É, também, o filme de uma cidade que experimenta o fantasma do próprio extermínio, da submersão, do fim sob uma onda de violência, a saber, o Rio de Janeiro.
Unir os dois temas não é simples. O primeiro envolve uma atitude existencial, uma disposição diante de como o mundo se apresenta a jovens de determinado momento. O segundo diz respeito a uma experiência urbana.
O produto de ambos talvez seja esse grupo de adolescentes em busca de si mesmos diante de uma realidade que se apresenta bastante hostil.
Diante dela, o grupo de amigos estará com Luiza, sua aparente líder, que menciona uma "política da alegria", talvez a única viável ao grupo (e à geração).
Essas questões já se encontravam no filme anterior da dupla Felipe Bragança e Marina Meliande, "A Fuga da Mulher Gorila". Talvez não seja inexato dizer que estavam colocados de maneira mais eficaz lá, na trajetória da garota que se transformava numa assustadora gorila.
Aqui certos elementos retornam: as máscaras, a menção ao fantástico (um tanto incompreensível) ao final, compondo a estranha e fascinante colagem de imagens ora coloquiais, ora poéticas, ora realistas, ora alegóricas.
A aproximação entre esses registros gera uma incômoda sensação de obscuridade (para a qual colaboram decisivamente as deficiências do som e da direção de atores).
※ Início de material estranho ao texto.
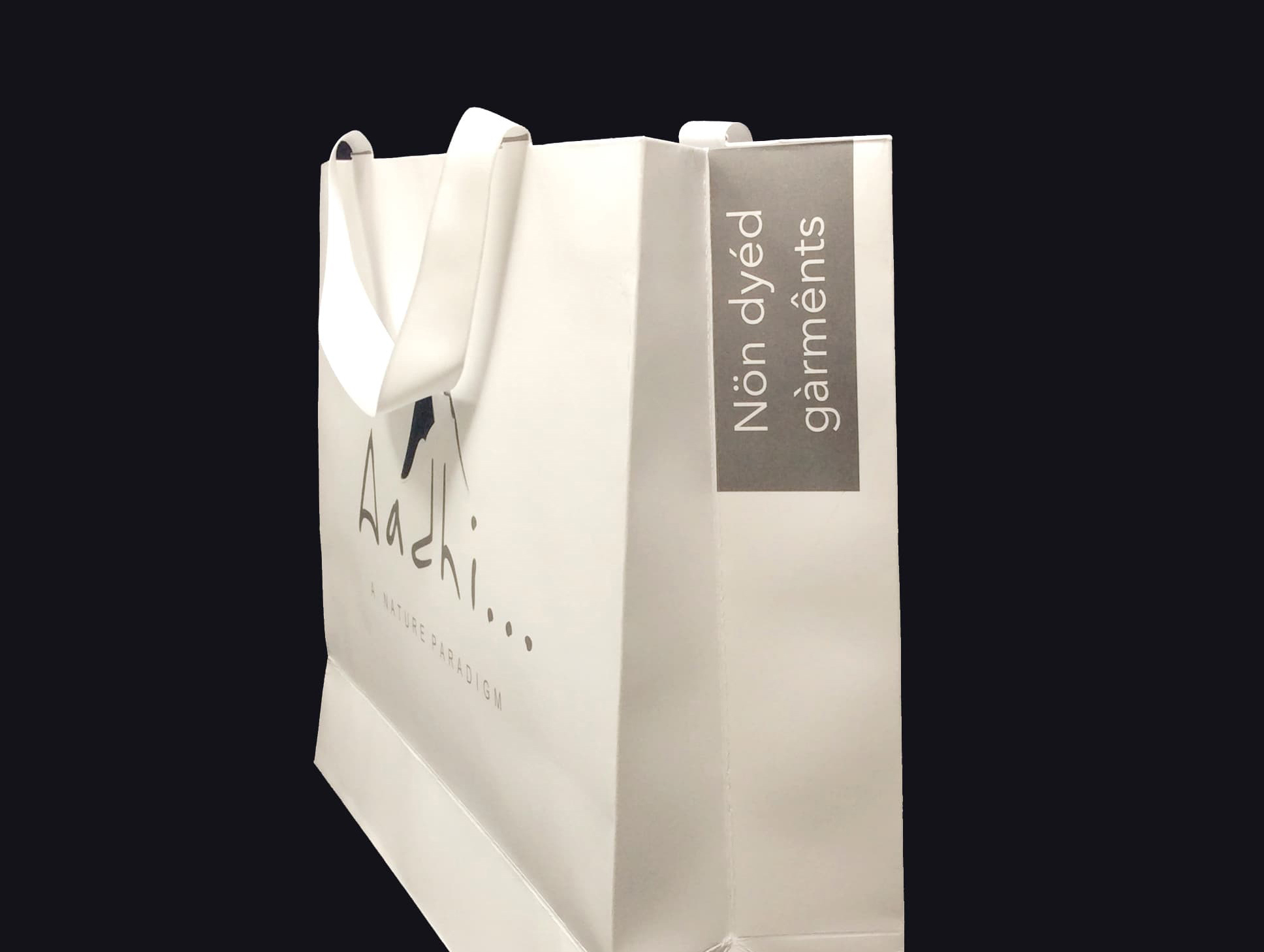 China Factory Shopping Paper Bag With Logo customization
Sem paternalismo, os tropeços podem ser vistos como parte do percurso muito interessante escolhido pelos realizadores, de um grupo que se opõe ao comercialismo (o sucesso de bilheteria como fim) do cinema brasileiro.
Talvez essa trajetória se torne mais clara quando observarem que a limpidez de algumas de suas imagens é mais significativa do que os momentos em que a necessidade de buscar a originalidade parece se interpor entre os autores do filme e seu objeto.